Australian Open: Czech star Muchová upsets No.1 seed, home favourite Barty in Melbourne

Karolína Muchová, photo: ČTK/AP/Andy Brownbill

Czech tennis player Karolína Muchová has scored a major upset at the ongoing Australian Open. The No. 25 seed mounted a stunning comeback to oust World No.1 Ashleigh Barty – who had the homecourt advantage. After besting the Australian, Muchová next faces Jennifer Brady of the US on Thursday. Whoever wins the match in Melbourne is set to make their maiden major final.

Karolína Muchová has yet to lose a match in 2021. Going into the quarterfinals on Wednesday, she was at a record 7-0, riding high on wins against her compatriot and practice partner Karolína Plíšková, the No.6 seed, and Elise Mertens of Belgium, seeded no.18.

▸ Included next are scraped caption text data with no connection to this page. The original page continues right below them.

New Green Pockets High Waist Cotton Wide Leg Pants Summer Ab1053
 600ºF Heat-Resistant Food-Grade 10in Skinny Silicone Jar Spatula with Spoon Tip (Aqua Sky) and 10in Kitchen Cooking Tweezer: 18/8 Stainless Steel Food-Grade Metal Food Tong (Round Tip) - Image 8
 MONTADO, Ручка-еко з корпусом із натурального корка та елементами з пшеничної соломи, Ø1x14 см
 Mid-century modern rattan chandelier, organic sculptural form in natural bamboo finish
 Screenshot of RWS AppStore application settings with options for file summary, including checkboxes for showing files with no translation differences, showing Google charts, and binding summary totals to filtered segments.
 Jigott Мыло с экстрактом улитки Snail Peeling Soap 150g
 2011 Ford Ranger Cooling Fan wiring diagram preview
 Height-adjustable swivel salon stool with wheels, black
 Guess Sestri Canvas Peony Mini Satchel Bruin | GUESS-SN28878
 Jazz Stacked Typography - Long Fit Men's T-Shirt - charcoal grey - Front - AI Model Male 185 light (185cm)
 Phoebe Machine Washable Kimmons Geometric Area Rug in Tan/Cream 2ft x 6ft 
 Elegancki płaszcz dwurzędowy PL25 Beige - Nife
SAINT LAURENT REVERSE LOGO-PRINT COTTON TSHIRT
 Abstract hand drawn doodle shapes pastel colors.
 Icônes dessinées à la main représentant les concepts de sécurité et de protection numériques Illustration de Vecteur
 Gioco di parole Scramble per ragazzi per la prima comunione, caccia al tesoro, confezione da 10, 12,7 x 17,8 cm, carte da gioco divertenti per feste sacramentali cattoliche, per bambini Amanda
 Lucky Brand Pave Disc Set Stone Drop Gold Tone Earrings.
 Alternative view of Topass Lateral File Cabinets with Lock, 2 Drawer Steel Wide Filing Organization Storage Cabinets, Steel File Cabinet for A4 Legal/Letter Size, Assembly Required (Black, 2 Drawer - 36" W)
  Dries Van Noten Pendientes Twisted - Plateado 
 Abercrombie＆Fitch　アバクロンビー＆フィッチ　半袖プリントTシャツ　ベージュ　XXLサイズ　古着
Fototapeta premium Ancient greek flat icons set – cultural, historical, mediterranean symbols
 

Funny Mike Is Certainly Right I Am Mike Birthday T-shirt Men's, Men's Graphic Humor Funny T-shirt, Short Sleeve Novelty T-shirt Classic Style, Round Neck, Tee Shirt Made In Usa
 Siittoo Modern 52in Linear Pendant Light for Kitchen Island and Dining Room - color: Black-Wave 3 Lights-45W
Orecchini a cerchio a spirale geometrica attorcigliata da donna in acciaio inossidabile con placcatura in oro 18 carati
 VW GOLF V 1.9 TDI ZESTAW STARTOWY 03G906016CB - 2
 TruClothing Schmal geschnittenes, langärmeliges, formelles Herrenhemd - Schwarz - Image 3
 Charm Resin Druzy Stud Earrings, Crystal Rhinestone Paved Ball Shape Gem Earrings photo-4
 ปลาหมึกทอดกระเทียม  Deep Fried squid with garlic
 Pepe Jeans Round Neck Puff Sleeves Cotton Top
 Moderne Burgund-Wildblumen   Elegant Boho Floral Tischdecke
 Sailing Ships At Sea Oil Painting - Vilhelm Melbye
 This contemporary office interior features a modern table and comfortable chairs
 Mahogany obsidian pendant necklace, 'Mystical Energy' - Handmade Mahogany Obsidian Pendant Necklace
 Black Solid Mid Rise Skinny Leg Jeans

Muchová’s match against the home favourite Ash Barty in the quarterfinals got off to the roughest of starts. The Australian took the first set by a commanding 1-6. But the Czech rallied, winning the next two sets handily, 6-3 and 6-2.

Ashleigh Barty,  Karolína Muchová,  photo: ČTK/AP/Andy Brownbill

A reporter from Czech Radio’s flagship station Radiožurnál caught up with Muchová shortly after the win, which already makes this the 24-year-old’s most successful Grand Slam tournament ever.

He asked whether the heat in Melbourne – literally, not figuratively – was getting to her, as in the land “down under” it is now summer, with temperatures of around 30 degrees Celsius, as opposed -5 or so back in the Czech Republic.

“I didn’t feel very well in the match, so I tried to put on the ice at every break. That helped me, and I felt better after it. After the match, of course, I felt relief, joy, all emotions at once. But I also just wanted to be off the court and lie down or whatever, to get some peace.”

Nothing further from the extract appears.